# Arc length of vector function - the integral seems impossible

• overpen57mm
In summary: So in summary, you have an integral over ##\|(e^x \cdot F(x))'\|=\|e^x(F'(x)+F(x))\|=2e^x \sqrt{(\cos 2x -\sin 2x)^2+(\sin 2x+\cos 2x)^2+1^2}## where ##F(x)=(\cos 2x,\sin 2x,1).##

#### overpen57mm

Homework Statement
Find the arc length from 0-3pi for v(x)=(e^x cos(2x), e^x sin(2x), e^x)
Relevant Equations
Arc length formula for vector equations
The vector equation is ## v(x)=(e^x cos(2x), e^x sin(2x), e^x) ##

I know the arc-length formula is ## S=\int_a^b \|v(x)\| \,dx ##

I found the derivative from a previous question dealing with this same function, but the when I plug it into the arc-length function I get an integral that I've tried and tried but just can't get anywhere with. The complexity of the problem also makes me think that I might be approaching it from the wrong direction.

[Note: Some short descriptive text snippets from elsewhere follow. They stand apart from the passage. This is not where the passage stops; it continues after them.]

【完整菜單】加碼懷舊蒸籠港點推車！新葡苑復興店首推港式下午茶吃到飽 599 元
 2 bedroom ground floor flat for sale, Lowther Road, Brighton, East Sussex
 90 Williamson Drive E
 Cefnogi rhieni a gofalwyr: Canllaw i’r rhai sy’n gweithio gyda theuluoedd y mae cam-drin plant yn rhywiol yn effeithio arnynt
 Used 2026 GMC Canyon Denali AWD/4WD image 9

Here is the integral as I understand it: $$\int{\sqrt{ (e^{2x}) ( (-2\sin(2x) + \cos(2x))^2 + (2\cos(2x)+\sin(2x))^2 + 1 ) }} \, dx$$

I would appreciate any tips on the integral or the problem as a whole, if there's another way to solve it that I haven't seen.

You have an integral over ##\|(e^x \cdot F(x))'\|=\|e^x(F'(x)+F(x))\|=2e^x \sqrt{(\cos 2x -\sin 2x)^2+(\sin 2x+\cos 2x)^2+1^2}## where ##F(x)=(\cos 2x,\sin 2x,1).##

Last edited:
overpen57mm
fresh_42 said:
You have an integral over ##\|(e^x \cdot F(x))'\|=\|e^x(F'(x)+F(x))\|=2e^x \sqrt{(\cos 2x -\sin 2x)^2+(\sin 2x+\cos 2x)^2+1^2}## where ##F(x)=(\cos 2x,\sin 2x,1).##
Thanks, I guess I was blinded by the derivative I got from the previous question.